Como disse Exupéry no livro O pequeno príncipe, “É preciso exigir de cada um o que cada um pode dar”1.  Cada pessoa dá sua resposta dentro de suas possibilidades e Jesus, com sua graça, oferece um acompanhamento personalizado para cada discípulo. O profeta Ezequiel, inspirando-se na metáfora do pastor e das ovelhas, escreveu: “Procurarei a ovelha perdida, reconduzirei a desgarrada, enfaixarei a quebrada, fortalecerei a doente e vigiarei a ovelha gorda e forte. Vou apascentá-las conforme o direito” (Ez 34,16). 

O caminho de Jesus é exigente, mas Jesus só pede a cada discípulo o que cada um tem capacidade para oferecer. Jesus nunca impõe nada; ele propõe. E, como sabemos, toda proposta pode ser aceita ou recusada. Assim, diante das exigências de Jesus, alguns disseram sim; outros disseram que precisavam de tempo para pensar melhor, para amadurecer. 

No capítulo 6 do Evangelho de João, após a multiplicação dos pães, Jesus faz um grande discurso em que se apresenta como o Pão da vida. Depois de suas palavras, muitos se afastaram e não quiseram mais andar com Ele. Então, Jesus perguntou aos apóstolos: “Vós também quereis ir embora?” (Jo 6,67). A narração continua com a resposta de Simão Pedro: “A quem iremos, Senhor? Tu tens palavras de vida eterna. Nós cremos firmemente que tu és o Santo de Deus” (Jo 6,68-69). 

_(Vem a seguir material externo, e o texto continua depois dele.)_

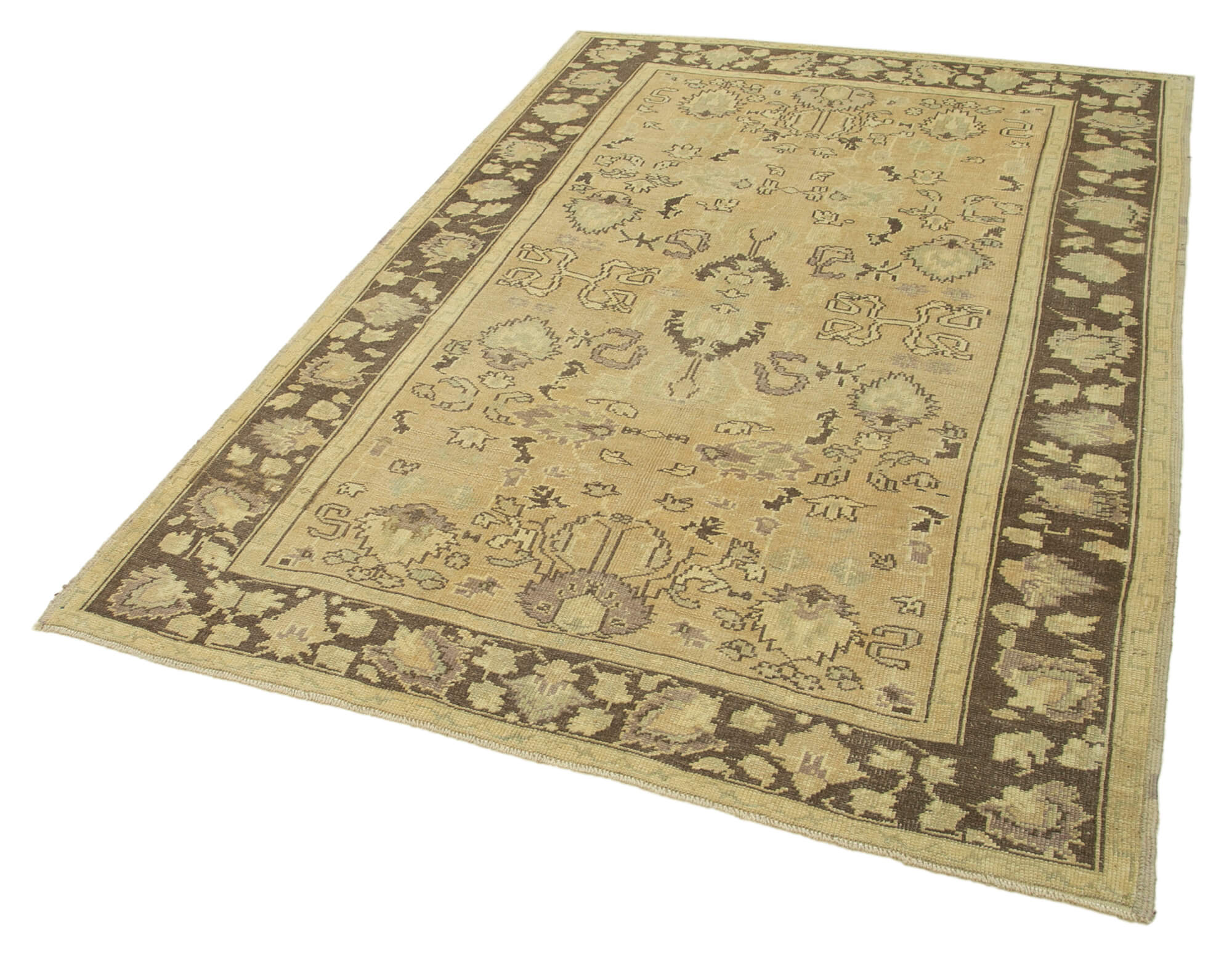 1970s handwoven anatolian beige rug 150 cm x 223 cm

Os apóstolos compreenderam que, por mais difícil que fosse seguir Jesus, valeria a pena aventurar-se na estrada com Ele. As exigências fazem parte do caminho. Exigências nos fazem pensar em sacrifícios e renúncias. Queremos seguir Jesus, porém, evitamos nos comprometer com as exigências do seu Reino. E, assim, vivemos uma fé desarticulada com nossa vida. Uma fé intimista: um dos grandes perigos de nosso tempo. O encontro com Jesus, no entanto, nos convida a um constante aprofundamento. 

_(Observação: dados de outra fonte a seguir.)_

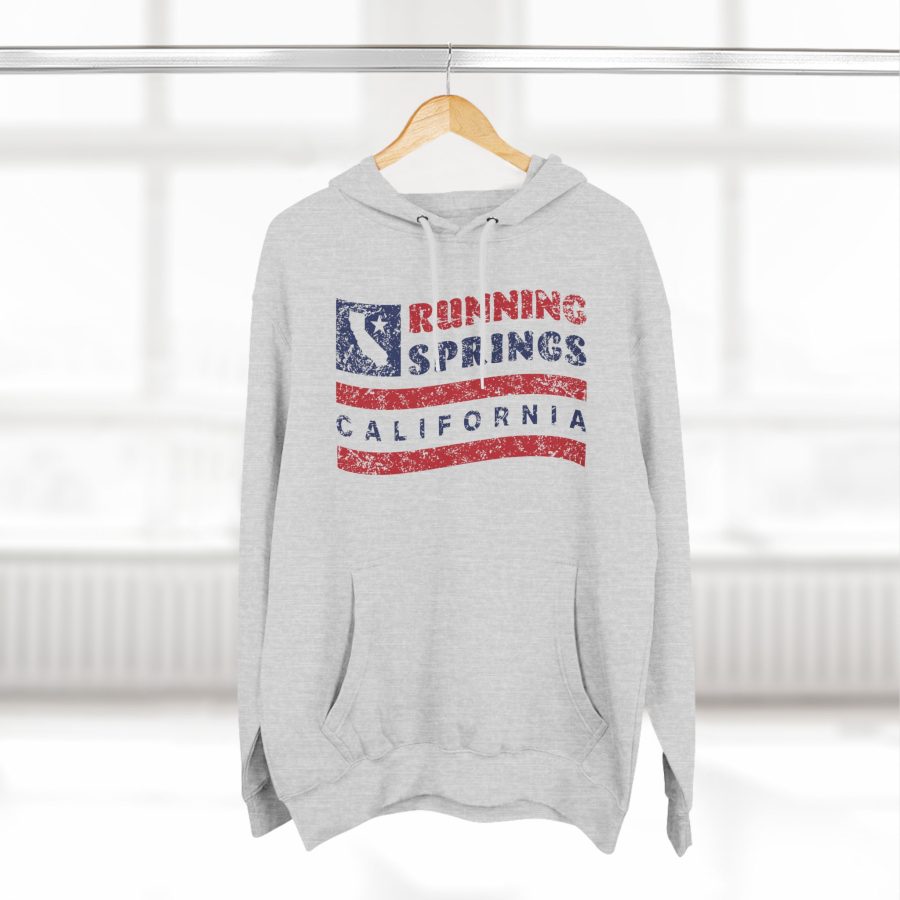 running springs premium hoodie with our flag wave, star, and state shape design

O esforço de seguir Jesus Cristo é o esforço de sempre retornar ao coração, onde moram as intenções de tudo: por que faço aquilo que faço? Por que escolho aquilo que escolho? Por que acredito em Deus? O coração é o motor da vida, é o motor da fé, é também o lugar onde nascem os venenos, as corrupções, as infidelidades [...] Tudo nasce do coração, e rezar é sempre retornar ao coração para que, do coração, nossas mãos, nossos pés, nossos olhos, nossa vida estejam mais sintonizadas com a vida de Jesus.2

As palavras de padre Maicon Malacarne nos ajudam a redescobrir a importância de vivermos uma fé mais integrada com nossa vida. Todo nosso ser precisa e deve estar mais sintonizado com Jesus. Hoje a palavra “integral” está em alta, é utilizada em diversos contextos. Ela chama nossa atenção para algo que está desintegrado. Nossa cultura ocidental possui uma forte característica de delimitar todas as coisas. Temos dificuldade em compreender as coisas de modo integral. Temos uma visão desintegrada ou fragmentada de nós próprios, do nosso corpo, da vida, da fé, do mundo, enfim, de tudo. 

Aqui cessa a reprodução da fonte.